The Hawaii Department of Transportation issued a statement confirming that the sinking of the famed sailing cargo ship Falls of Clyde was completed midday Wednesday, October 15, away from Honolulu harbor. The state had been seeking a solution to have the vessel removed from Honolulu Harbor since it seized the Falls of Clyde in 2016 and repeatedly attempted to sell the ship.
The 146-year-old vessel had been docked at Honolulu Harbor but had been closed to the public since 2008. It was first brought to Hawaii in 1963 for restoration and spent its final years berthed at Pier 7, where it once served as a museum ship as part of the Hawaii Maritime Center. The center closed in 2009, and after the owner defaulted on the ship by not moving it, it was impounded in 2016 when its permit was revoked.
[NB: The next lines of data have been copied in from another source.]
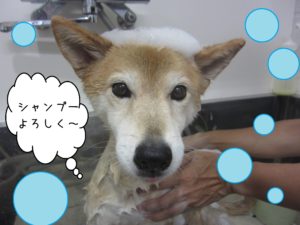 シャンプーミックス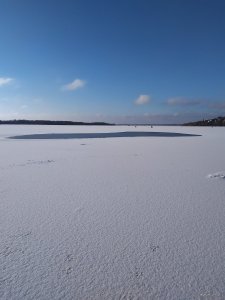 IMG_20201222_101004.jpg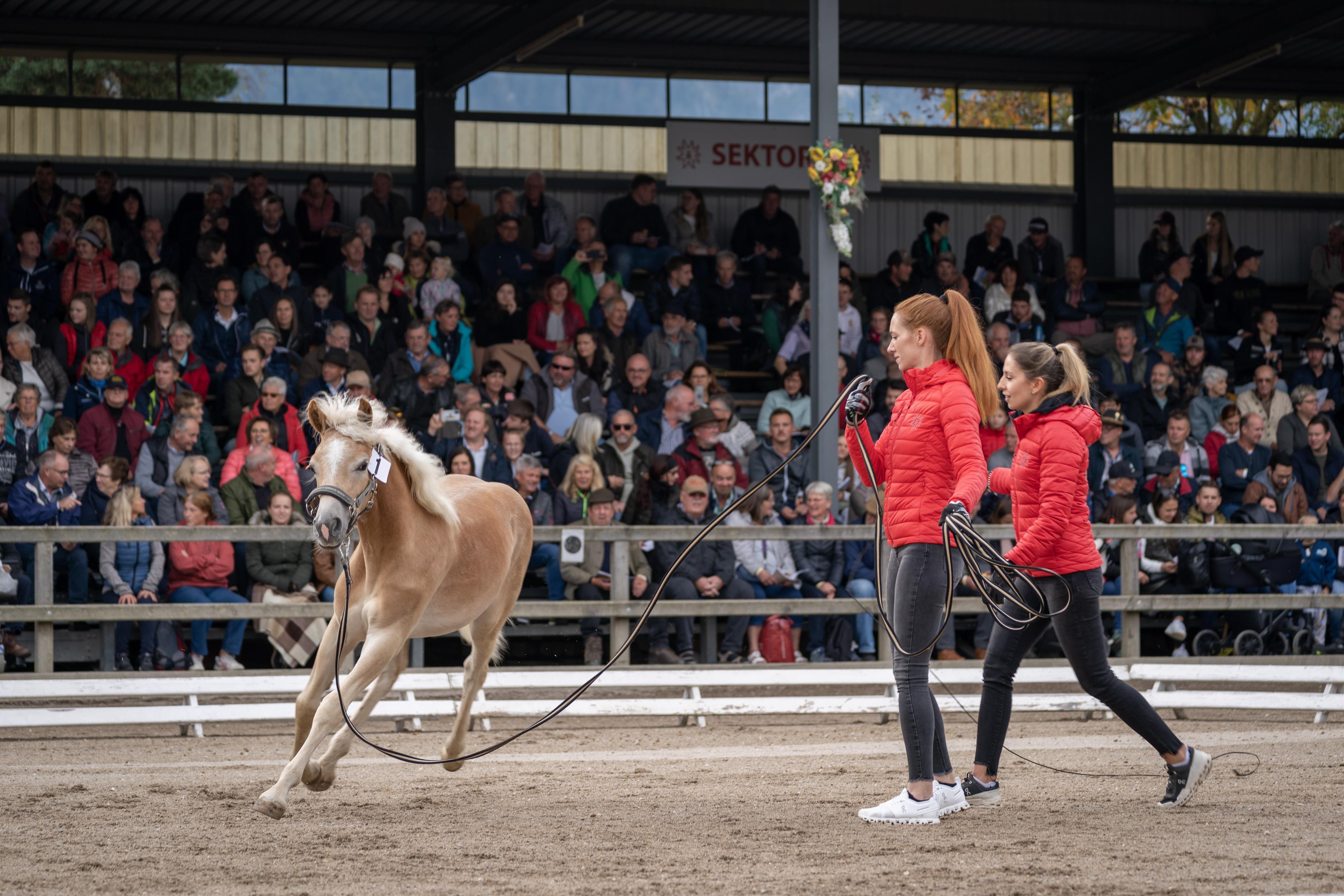 60. Tiroler Haflinger Stutfohlen Auktion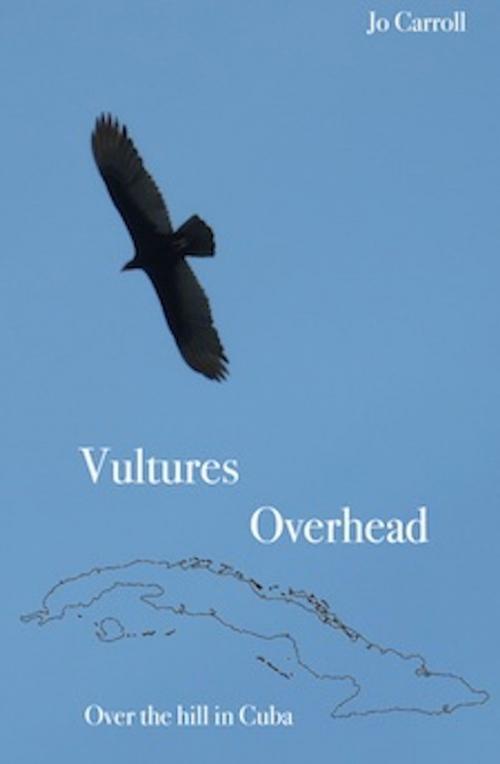 Cover of the book Vultures Overhead by Jo Carroll, Jo Carroll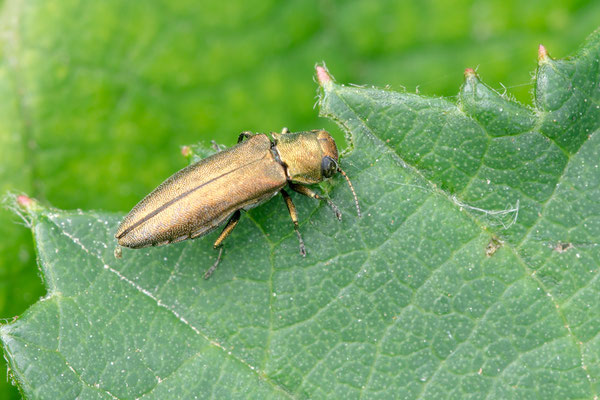 Agrilus viridicaerulans rubi - Guntersblum, Brombeere 7/2021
Falls of Clyde was the world’s only surviving iron-hulled, four-masted, fully-rigged ship. She was built in Glasgow in 1878, during a shipbuilding boom inspired by increased trade with the U.S., and she made several voyages to American ports while under the British flag. In 1898, she was purchased by Captain William Matson of the Matson Navigation Company and reregistered in Hawaii.
From 1899 to 1907, the ship was re-rigged as a bark for sailing with fewer crew, and she made over sixty voyages between Hawaii and San Francisco, carrying passengers, sugar, and general cargo. She was sold San Francisco-based Associated Oil Company, which installed large steel tanks in the hull, allowing her to carry 750,000 gallons of liquid bulk. For decades, the ship would bring kerosene to Hawaii and molasses back from Hawaii to California.